Aslan, “Tüm sorunların temeli siyasettir, köylerdeki yasakların kaldırılması, köy hayatının yeniden canlanması siyasetle bağlantılı. Ülke bütçesi siyasilere ve yandaşlara akıyor. Seçimlerde büyük bir harcama yapıldı ve bunu kendi koltukları için harcadılar” şeklinde konuştu.
Kurban Bayramı’nın yaklaştığını belirten Aslan, “Zengin olan hayvan alabilecek, yoksul halk alamayacak.
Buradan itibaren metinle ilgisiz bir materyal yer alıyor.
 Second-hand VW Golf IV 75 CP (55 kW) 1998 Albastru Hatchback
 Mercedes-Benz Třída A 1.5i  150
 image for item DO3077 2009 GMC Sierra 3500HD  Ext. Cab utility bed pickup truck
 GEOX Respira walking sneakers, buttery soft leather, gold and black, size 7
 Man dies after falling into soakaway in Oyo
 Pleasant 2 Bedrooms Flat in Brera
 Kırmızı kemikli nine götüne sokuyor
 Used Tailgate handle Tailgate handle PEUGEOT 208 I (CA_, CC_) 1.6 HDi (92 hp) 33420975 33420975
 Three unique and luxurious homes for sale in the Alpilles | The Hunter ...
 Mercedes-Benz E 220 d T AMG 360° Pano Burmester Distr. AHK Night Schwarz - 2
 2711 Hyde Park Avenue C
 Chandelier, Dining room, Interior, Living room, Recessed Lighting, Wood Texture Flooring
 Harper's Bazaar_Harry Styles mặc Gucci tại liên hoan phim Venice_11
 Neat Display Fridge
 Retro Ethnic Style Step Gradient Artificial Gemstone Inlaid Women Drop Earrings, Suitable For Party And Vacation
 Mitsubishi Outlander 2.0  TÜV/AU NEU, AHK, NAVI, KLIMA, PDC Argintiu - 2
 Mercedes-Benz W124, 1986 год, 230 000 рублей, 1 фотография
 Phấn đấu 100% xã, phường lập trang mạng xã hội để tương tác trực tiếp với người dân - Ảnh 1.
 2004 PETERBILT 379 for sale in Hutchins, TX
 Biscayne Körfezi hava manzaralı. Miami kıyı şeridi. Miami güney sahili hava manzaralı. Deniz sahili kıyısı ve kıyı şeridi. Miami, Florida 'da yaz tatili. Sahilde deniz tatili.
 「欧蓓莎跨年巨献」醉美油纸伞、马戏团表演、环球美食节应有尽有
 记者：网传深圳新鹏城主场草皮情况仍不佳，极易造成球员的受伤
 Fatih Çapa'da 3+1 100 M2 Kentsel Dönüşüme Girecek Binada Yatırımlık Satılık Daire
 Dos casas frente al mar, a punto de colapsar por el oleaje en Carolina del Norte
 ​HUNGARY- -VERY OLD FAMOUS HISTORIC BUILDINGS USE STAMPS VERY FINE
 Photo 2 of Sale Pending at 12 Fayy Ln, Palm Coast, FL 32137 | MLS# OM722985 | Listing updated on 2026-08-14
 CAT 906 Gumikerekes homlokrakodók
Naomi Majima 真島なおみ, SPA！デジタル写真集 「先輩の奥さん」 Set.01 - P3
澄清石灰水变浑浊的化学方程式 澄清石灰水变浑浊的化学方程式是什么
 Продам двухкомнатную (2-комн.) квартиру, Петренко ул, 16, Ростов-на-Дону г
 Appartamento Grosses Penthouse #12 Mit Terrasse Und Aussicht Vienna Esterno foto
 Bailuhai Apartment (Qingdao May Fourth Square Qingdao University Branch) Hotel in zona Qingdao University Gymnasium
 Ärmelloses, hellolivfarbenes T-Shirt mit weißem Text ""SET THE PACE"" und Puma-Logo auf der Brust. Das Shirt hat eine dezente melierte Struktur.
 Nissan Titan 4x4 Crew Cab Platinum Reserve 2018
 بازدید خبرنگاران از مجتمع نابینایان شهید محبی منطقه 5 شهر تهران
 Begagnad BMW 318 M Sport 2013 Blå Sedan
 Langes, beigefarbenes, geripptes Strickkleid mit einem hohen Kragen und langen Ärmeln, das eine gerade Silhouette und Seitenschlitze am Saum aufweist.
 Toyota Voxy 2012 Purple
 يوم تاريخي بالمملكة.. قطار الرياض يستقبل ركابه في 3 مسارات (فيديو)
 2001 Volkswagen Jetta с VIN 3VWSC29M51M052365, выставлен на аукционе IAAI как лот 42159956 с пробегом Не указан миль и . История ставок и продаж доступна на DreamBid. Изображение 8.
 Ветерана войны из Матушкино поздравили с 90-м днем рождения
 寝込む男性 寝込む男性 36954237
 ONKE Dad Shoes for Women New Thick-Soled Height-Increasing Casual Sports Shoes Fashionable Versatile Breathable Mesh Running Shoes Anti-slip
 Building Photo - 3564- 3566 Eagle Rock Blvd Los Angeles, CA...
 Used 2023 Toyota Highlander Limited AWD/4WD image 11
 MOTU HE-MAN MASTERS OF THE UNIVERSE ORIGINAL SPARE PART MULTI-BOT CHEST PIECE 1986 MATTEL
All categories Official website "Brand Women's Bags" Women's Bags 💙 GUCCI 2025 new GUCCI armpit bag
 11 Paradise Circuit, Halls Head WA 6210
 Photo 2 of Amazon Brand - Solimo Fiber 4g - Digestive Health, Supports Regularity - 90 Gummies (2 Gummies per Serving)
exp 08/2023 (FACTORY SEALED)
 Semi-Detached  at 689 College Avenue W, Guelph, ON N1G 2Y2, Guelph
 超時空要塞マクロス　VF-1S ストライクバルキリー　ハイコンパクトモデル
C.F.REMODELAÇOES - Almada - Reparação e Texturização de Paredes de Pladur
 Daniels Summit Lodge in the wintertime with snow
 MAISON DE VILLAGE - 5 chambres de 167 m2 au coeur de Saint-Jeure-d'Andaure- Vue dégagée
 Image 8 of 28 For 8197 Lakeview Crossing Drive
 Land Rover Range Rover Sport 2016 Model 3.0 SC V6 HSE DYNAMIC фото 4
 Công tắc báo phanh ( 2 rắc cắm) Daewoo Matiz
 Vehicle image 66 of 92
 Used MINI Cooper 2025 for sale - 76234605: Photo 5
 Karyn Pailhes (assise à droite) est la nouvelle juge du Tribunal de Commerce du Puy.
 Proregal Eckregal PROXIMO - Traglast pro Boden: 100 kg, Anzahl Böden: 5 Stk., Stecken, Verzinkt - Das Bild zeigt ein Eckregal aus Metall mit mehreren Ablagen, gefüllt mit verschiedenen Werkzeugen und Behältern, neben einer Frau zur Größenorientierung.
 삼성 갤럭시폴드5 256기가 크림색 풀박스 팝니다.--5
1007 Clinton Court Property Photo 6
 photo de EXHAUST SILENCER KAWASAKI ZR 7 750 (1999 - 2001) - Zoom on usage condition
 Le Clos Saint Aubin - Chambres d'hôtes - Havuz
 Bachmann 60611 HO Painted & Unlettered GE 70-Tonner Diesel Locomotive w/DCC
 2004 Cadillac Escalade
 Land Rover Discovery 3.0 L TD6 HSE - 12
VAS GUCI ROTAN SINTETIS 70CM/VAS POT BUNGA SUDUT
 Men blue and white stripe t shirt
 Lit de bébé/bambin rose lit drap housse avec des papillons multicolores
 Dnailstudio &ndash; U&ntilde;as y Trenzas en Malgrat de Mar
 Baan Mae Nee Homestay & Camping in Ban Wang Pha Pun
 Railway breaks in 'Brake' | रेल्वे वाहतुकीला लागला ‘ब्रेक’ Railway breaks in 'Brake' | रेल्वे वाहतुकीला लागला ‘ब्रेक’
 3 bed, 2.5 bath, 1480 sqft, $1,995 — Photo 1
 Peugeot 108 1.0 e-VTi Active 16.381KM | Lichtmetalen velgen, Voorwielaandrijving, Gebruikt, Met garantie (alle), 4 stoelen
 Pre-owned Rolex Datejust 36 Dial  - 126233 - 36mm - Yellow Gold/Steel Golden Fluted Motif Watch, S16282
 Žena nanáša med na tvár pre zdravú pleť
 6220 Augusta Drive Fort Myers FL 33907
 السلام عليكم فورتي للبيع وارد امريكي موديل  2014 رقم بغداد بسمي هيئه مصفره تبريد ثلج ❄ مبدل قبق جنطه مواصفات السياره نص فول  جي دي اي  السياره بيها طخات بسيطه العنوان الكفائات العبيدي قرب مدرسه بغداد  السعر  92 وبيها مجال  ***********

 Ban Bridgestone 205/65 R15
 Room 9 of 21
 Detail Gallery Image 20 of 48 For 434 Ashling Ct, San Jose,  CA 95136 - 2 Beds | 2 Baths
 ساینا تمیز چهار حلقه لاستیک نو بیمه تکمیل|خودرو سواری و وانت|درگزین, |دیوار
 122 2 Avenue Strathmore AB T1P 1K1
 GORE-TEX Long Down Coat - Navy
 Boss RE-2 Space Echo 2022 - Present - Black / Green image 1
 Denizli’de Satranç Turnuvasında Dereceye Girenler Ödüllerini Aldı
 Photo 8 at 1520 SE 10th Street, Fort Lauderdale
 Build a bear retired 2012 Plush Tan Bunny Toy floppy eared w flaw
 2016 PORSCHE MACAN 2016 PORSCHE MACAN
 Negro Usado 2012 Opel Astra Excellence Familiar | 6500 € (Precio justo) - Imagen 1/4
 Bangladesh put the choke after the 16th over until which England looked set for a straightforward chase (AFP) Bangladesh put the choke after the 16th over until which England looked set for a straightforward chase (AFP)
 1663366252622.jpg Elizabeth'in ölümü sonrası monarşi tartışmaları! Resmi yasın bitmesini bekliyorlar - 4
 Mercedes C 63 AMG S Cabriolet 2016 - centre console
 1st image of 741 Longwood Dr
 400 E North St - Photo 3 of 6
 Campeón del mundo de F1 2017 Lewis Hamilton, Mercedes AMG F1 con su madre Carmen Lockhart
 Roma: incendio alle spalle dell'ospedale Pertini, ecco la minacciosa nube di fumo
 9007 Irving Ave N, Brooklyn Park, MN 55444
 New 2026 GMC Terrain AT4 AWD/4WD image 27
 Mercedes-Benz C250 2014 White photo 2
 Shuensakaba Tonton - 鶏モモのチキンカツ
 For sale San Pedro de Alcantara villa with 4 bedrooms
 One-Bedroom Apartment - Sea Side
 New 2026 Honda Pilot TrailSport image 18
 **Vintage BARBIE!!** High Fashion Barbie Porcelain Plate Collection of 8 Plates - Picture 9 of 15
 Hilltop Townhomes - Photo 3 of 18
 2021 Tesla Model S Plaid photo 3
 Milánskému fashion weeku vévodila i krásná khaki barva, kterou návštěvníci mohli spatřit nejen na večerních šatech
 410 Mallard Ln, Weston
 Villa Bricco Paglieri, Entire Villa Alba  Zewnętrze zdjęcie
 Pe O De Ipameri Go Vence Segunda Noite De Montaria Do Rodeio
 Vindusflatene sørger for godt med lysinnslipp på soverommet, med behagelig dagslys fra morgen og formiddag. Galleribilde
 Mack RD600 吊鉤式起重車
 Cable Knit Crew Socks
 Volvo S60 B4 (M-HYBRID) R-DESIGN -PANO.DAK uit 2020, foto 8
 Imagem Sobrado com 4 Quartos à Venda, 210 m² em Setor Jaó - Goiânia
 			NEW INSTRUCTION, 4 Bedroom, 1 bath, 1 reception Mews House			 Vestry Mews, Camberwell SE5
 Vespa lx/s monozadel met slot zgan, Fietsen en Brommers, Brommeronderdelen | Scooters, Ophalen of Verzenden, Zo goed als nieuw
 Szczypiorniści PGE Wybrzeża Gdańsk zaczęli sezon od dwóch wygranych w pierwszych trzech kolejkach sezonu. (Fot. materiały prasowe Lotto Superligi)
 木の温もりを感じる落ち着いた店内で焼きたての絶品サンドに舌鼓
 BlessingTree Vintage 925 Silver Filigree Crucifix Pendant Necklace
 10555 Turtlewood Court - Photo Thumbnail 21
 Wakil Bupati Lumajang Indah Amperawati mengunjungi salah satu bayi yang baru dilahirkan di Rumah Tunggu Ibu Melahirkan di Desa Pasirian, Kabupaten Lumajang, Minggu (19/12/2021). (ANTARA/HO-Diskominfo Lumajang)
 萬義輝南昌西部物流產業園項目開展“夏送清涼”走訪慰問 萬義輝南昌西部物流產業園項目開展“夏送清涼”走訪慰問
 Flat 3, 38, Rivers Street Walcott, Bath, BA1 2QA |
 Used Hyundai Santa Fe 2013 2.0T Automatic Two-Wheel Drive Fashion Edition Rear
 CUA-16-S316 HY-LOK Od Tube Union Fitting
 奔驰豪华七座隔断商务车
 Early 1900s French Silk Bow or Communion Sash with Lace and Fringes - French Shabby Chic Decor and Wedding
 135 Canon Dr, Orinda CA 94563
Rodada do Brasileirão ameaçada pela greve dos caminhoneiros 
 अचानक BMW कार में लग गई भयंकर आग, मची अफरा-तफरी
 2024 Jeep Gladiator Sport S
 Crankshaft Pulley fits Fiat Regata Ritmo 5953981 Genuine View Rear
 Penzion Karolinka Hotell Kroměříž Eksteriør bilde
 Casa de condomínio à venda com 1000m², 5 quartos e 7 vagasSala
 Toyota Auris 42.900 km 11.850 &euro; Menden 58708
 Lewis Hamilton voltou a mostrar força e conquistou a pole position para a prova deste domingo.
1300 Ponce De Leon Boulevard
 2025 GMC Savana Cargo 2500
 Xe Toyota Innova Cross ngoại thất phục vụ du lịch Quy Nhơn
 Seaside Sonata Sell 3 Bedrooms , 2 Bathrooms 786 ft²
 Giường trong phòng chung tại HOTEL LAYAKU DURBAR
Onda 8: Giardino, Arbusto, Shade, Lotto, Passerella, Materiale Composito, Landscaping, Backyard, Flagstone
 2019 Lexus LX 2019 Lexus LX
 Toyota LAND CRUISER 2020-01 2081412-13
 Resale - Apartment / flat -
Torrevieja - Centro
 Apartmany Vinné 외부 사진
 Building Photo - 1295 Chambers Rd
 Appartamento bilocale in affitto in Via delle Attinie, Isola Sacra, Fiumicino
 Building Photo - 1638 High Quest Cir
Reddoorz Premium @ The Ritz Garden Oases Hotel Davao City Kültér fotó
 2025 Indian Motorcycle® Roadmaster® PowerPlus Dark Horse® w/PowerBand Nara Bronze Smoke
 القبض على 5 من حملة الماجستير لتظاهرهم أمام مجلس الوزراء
Tüm siyasetçiler ‘devlet hepimizin’ diyor ama öyle değil, devlet yüzde 30’luk bir kesimin, geri kalan yurttaşlar ise aç ve kimsesiz. Bu kadar insan aç ise, bu devlet bizim değildir” dedi.
‘Tüm sorunların temeli yönetimdir’
Çiftçilerden Faysal Mamik ise şunları söyledi: “Durumumuz kritik, kimse alamıyor, satamıyor, krizdeyiz. Her şey o kadar pahalı ki bir şey kazamıyoruz. Eskinin 10 bin TL’si şimdinin 200 TL’si olmuş durumda. Meydana boş gelip boş gidiyoruz. Tüm sorunların temeli yönetimdir, onlar giderse, her şey düzelir.”
Sandık çağrısı
İktidarın politikalarına karşı herkesi sandığa gitmeye çağıran Cengiz Ateş, “Artık halkımız elini vicdanı koymalı ve sandığa gitmeli. Ekonomi bozuk, bir şey alamıyoruz. Hayvanlarımız para etmiyor. Birlik olursak bunları yenebiliriz. Her yıl durumumuz gittikçe bozuluyor, yem, arpa pahalanmış, girdi fiyatları çok arttığı için artık hayvan alamıyoruz. Bunun için herkesin elini vicdanına bırakması gerekiyor” ifadelerini kullandı.